Hundreds of families spent the night outside, in central Beirut's Martyrs' Square or along the seaside boardwalk.

Israel's military also announced strikes Saturday on the Beqaa area in eastern Lebanon and on the south.

It said a surface-to-surface missile fired from Lebanon fell in an open area in central Israel and another was intercepted in the north.

Early Saturday, Hezbollah claimed a rocket attack on kibbutz Kabri in northern Israel.

It later said it launched "a salvo of Fadi-3 rockets" towards the Ramat David airbase in northern Israel.

Israeli Prime Minister Benjamin Netanyahu has vowed to keep fighting Hezbollah until the northern border with Lebanon is secured.

"Israel has every right to remove this threat and return our citizens to their homes safe," he said.

'Outrageous threats'

Israel has raised the prospect of a ground operation against Hezbollah, prompting widespread international concern.

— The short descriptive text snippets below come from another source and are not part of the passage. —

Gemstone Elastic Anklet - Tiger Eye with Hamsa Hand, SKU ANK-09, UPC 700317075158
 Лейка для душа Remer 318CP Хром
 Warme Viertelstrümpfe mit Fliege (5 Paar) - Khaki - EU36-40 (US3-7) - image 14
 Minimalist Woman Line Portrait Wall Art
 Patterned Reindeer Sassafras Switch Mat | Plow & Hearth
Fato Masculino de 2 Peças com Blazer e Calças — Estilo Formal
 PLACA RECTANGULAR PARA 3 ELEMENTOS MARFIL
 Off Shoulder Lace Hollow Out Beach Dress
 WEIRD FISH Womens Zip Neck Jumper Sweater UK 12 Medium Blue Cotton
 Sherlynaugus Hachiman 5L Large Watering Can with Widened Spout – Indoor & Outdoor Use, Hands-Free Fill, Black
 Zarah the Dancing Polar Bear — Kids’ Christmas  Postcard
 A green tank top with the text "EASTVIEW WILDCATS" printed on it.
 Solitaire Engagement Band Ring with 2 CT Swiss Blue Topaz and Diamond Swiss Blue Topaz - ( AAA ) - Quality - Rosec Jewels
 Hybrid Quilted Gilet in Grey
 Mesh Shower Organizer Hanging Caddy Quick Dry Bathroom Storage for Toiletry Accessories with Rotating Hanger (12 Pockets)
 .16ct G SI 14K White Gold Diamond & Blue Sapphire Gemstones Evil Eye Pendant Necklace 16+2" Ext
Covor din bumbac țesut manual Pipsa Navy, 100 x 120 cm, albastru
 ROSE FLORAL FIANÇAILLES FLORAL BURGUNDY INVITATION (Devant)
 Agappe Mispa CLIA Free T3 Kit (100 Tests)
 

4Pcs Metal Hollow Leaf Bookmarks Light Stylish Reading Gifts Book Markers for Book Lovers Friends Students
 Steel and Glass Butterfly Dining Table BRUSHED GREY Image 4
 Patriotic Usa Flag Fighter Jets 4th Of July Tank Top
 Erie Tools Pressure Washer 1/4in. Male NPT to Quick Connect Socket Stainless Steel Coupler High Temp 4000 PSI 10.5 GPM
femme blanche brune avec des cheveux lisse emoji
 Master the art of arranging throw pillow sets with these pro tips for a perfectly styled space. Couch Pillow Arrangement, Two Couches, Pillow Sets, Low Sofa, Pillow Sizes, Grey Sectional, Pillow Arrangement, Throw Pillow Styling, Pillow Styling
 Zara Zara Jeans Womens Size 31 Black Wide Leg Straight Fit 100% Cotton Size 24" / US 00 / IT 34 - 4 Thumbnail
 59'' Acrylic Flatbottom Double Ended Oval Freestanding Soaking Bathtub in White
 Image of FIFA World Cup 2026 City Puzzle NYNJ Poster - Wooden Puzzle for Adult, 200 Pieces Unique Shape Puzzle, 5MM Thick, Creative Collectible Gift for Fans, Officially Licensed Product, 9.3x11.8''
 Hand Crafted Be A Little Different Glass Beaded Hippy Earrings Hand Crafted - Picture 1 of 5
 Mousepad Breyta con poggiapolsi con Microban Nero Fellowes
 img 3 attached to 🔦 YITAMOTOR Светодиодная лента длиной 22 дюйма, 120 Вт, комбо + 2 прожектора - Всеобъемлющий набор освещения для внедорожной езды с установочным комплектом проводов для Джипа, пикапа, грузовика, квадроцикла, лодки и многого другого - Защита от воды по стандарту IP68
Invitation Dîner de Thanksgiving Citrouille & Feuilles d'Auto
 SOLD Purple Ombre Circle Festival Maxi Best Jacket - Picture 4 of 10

"We must avoid a regional war at all costs," UN chief Antonio Guterres told world leaders, again appealing for a ceasefire.

Diplomats have said efforts to end the war in Gaza were key to halting the fighting in Lebanon and bringing the region back from the brink.

Hamas's October 7 attack on Israel resulted in the deaths of 1,205 people, mostly civilians, according to an AFP tally based on Israeli official figures that include hostages killed in captivity.

Of the 251 hostages seized by militants, 97 are still held in Gaza, including 33 the Israeli military says are dead.

Israel's retaliatory military offensive has killed at least 41,586 people in Gaza, most of them civilians, according to figures provided by the Hamas-run territory's health ministry. The UN has described the figures as reliable.

The Lebanon violence has raised fears of a wider spillover, with Iran-backed militants across the Middle East vowing to keep fighting Israel.